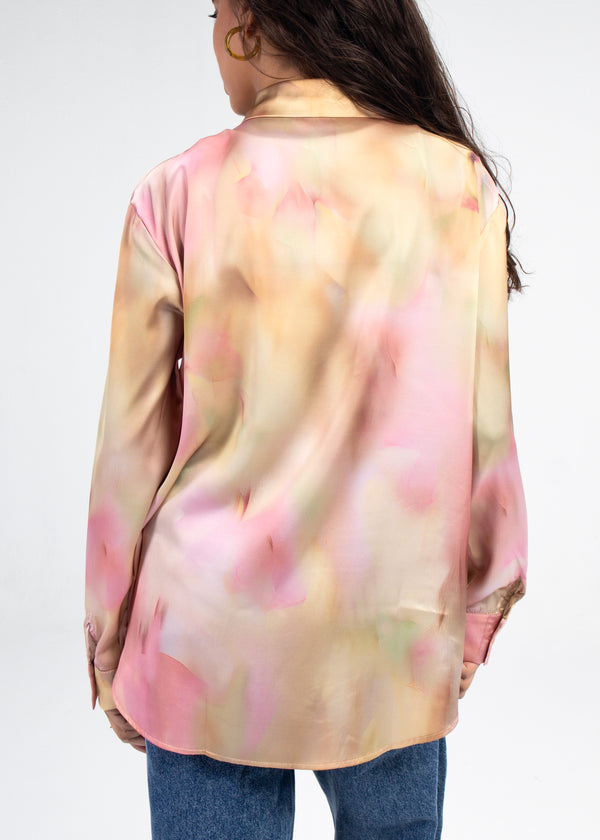 Printed Satin Shirt in Champagne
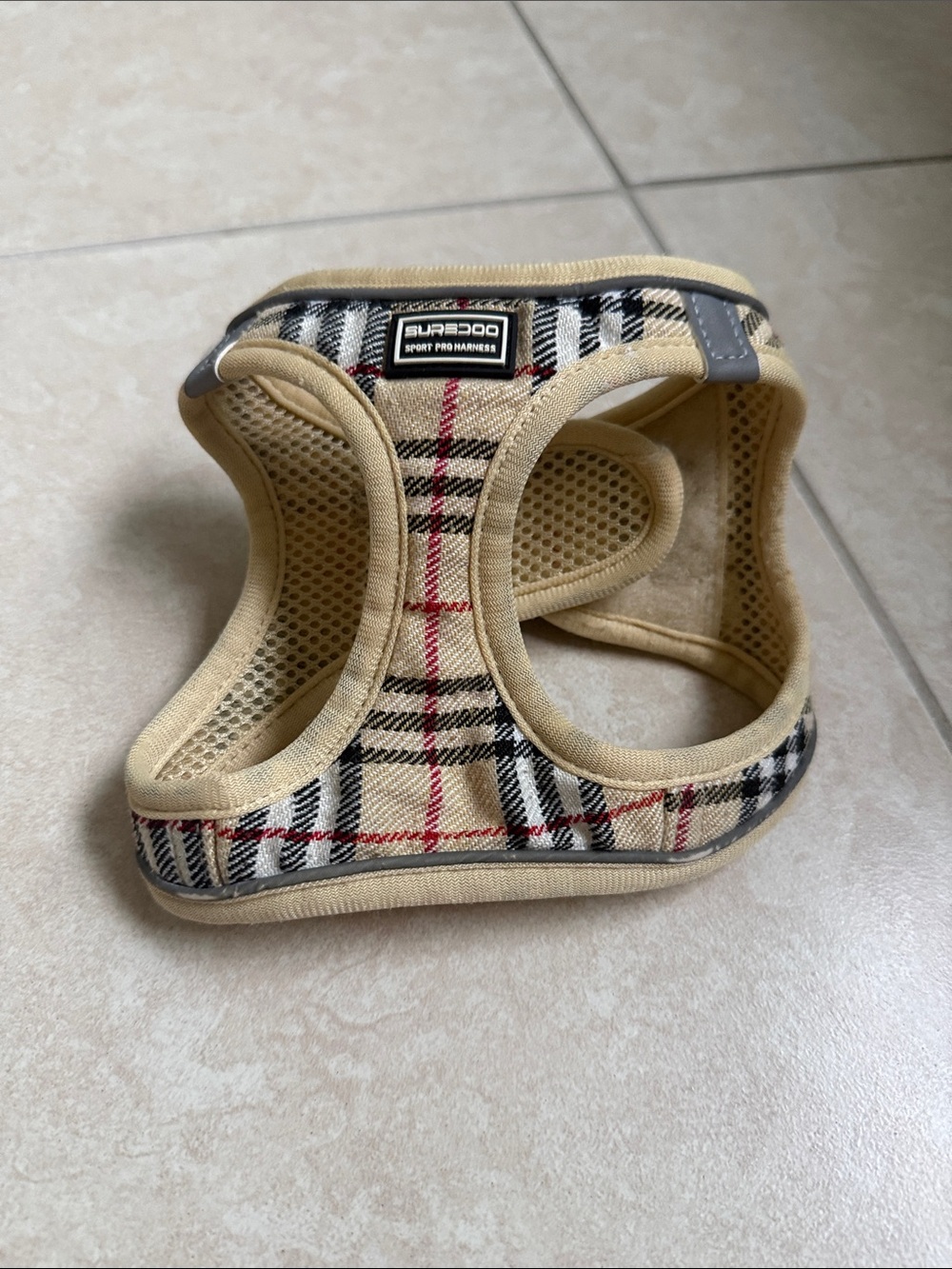 Plaid Beige Dog Harness by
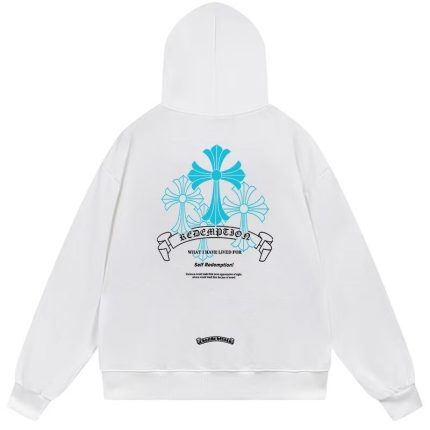 Chrome Hearts Blue Triple Cross Hoodie White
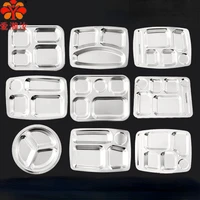 stainless steel plate childrens canteen divided plate grown up rib metal cute plate pupil dishes dinnerware dinner plates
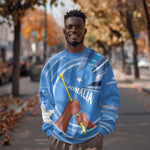 Somalia Sweatshirt with Raised Fist Flag Blue Unity Wave Spirit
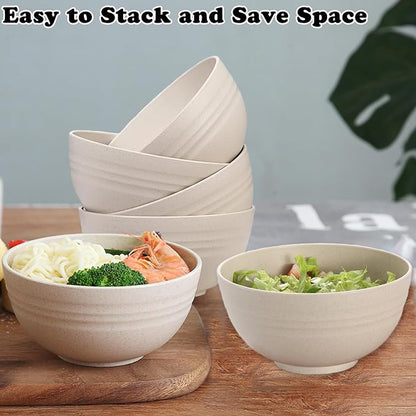 Unbreakable Wheat Straw Cereal Bowls Set of 4, 24 OZ Microwave and Dishwasher - Image 6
═══
* **TASK ITEM**: Word for word, please, restate the lines of the listing from the one holding "Somalia Sweatshirt with" down to the last line, leaving out any pictures.

* **SOLVED EXERCISE**:
 Somalia Sweatshirt with Raised Fist Flag Blue Unity Wave Spirit
 Unbreakable Wheat Straw Cereal Bowls Set of 4, 24 OZ Microwave and Dishwasher - Image 6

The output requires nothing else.